ファイナンシャルプランナー飯村久美さんの著書「お金の先生! できるだけ簡単にお金が増える方法を教えてください。」より。上手にお金を増やすために、ちょっとしたテクニックを教えていただきます。


 私がファイナンシャルプランナーとして、これまで1000件を超える家計診断をしてきてわかったのは、収入の多さ、少なさと家計の健全さは必ずしも比例しないことです。

 どんなに収入が少なくても、上手に支出をおさえられれば、お金を増やすゆとりが生まれてきます。その一方で、比較的収入が多くても、お金がなかなか増えないという人もあとを絶ちません。

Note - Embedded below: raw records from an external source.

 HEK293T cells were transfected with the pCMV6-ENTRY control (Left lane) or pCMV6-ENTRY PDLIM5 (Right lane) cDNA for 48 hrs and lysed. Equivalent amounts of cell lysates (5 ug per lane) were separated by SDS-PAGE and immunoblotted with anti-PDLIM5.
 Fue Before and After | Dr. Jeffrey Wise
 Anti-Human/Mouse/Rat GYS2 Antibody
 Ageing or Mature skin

 それは当然といえば当然のことです。なぜなら私たちの多くは、家庭や学校でお金の使い方や増やし方について教わっていないからです。

 自己流の節約術に何度も挫折して、お金を増やすことをあきらめてしまっている人も多いのではないでしょうか。

 性格的にコツコツと根気のいる節約を続けられないのはお金を増やすことに向いていない性格だからではありません。ちょっとしたテクニックを実践しているかどうかの違いなのです。


節約のために食事を減らしてはいけない

 家計の中で真っ先に削減しやすいのが、食費です。ですが、私は最も削ってはいけないものが、食費だと思っています。

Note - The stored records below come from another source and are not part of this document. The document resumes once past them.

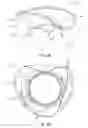 Fig. 07 - Mitral valve prosthesis delivery system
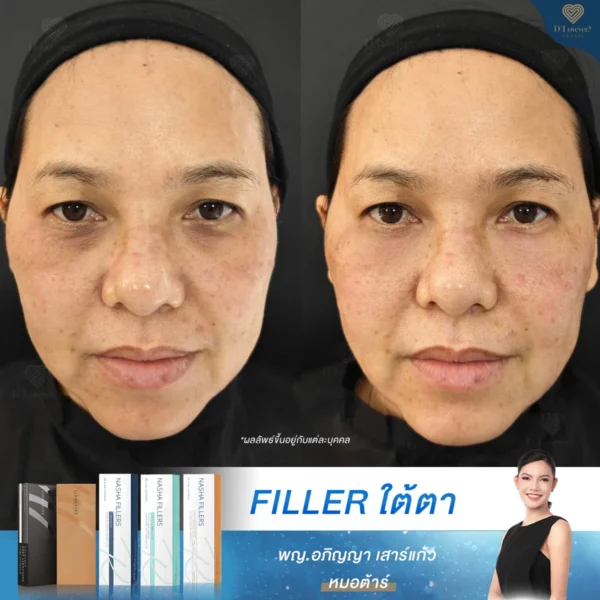 รีวิวลูกค้า ฉีดฟิลเลอร์ใต้ตา กับหมอต้าร์ ลบร่องลึก เรียบเนียนในวันเดียว
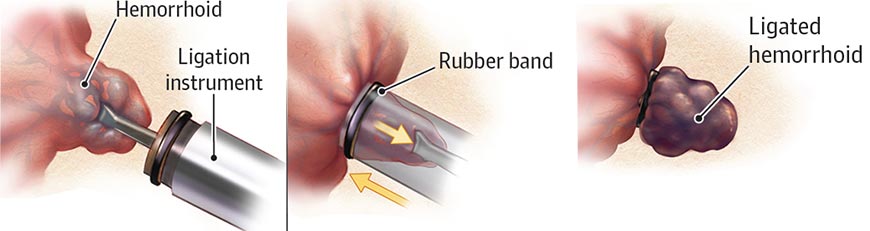 hemorrhoid banding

 朝、昼、晩、おやつなども含めると、それぞれ少しずつ切りつめることで、お金を捻出できる感じがします。しかし、切りつめようとするあまり、必要なものまでカットしてしまうと、家族の幸せに悪影響を及ぼすのです。

 ある女性は、「一食100円生活」をしている主婦ブロガーの記事に影響されて、食費を毎月1万円でやりくりしようと決意しました。単純計算で、1日で330円ほどの食費になります。

 もちろん、すべて自炊です。その結果、彼女の家の食卓は「真っ白」になってしまったといいます。

 どういうことかというと、すべての料理を豆腐、モヤシ、白菜、ごはん……といった安い食材で構成せざるをえなくなったのです。そのため、家族はそんな食事にうんざりして、高校生の息子は外で買い食いをするようになったといいます。

 これと同じことは、昨今のサラリーマンやOLにも当てはまります。

 たまに、お昼時のオフィス街のコンビニに立ち寄ることがあります。私が驚いたのが、多くの人がおにぎりとサラダだけ、パンとヨーグルトだけですませていることです。

 もちろん、小食の人ならそれでもかまいません。問題なのは、お金のために無理して食事を減らしている人です。

 一見、節約にもダイエットにもなりそうですが、こういう人に限って、お菓子などの間食をしています。

 あるときそれが、ガマンの限界を超えて一気にリバウンドするほど食べてしまうことがあるのです。無理をすると、お金にも、なにより体にも悪いのです。